4) A smarter Siri – Apple has broadened the scope of its virtual assistant so that you don’t need to talk to it anymore. Siri can now offer suggestions of what to listen to depending on where you are or create events based on invitations from your email inbox. Most usefully of all, it will also help detect nuisance calls.
If you get contacted by an unknown number, Siri will search your inbox for contact details to guess who may be phoning you. If Siri doesn’t recognise the number, there may be no reason to pick up the call and so it won’t bother you about it.
5) Read all about it – Apple’s new News app is a content aggregation service like Flipboard or Pocket. It doesn’t really do much that’s different to those downloads, but stories are especially well laid out with an emphasis on pictures and video. Using News means you don’t have to search in a web browser to access websites such as The New York Times and ESPN.

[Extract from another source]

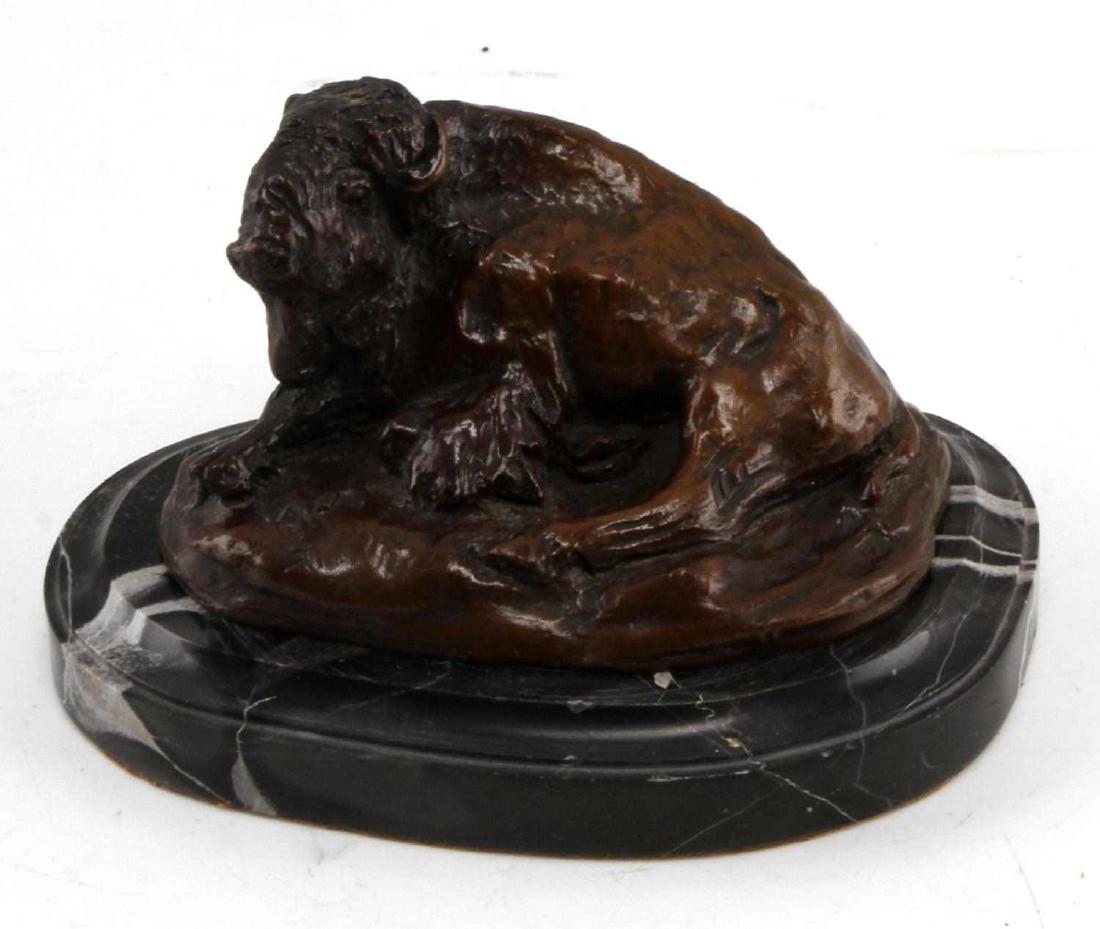 CHARLES M RUSSELL BUFFALO BRONZE SCULPTURE: Signed CMR below front hoof , mounted on marble and measuring 3 1/2 by 6 inches (includes marble dimensions). In good condition with some surface scratches to the marble, bronze mounting to marble is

Which? expert view – ‘Tweaked functionality rather than grandstanding gimmicks’
Much like iOS 8 last year, Apple seems to have gone for the spit and polish approach to its latest operating system. Siri has upped her game, Maps are easier to navigate than ever and the search suggestions more intuitive.
Some changes you’ll barely even notice at first, but you’re likely to come to appreciate. For example, Apple has made it easier to navigate between apps. If you open a web link from your email or social media apps, you can easily get back to the original app by using the ‘Back to’ navigation in the top left hand corner of the screen – this eliminates the previously annoying necessity of going back to the home screen to reload the app.
The most eye-catching addition is Apple’s decision to at last follow Samsung’s lead and add split-screen multitasking to tablets – however it’s disappointing that the full facility hasn’t been rolled out to devices older than the iPad Air 2.
Similarly – and although the new Low Power Mode is welcome – it would have been nice to see it added to iPads as well as iPhones, particularly with the inevitably battery sapping iPad Pro just around the corner.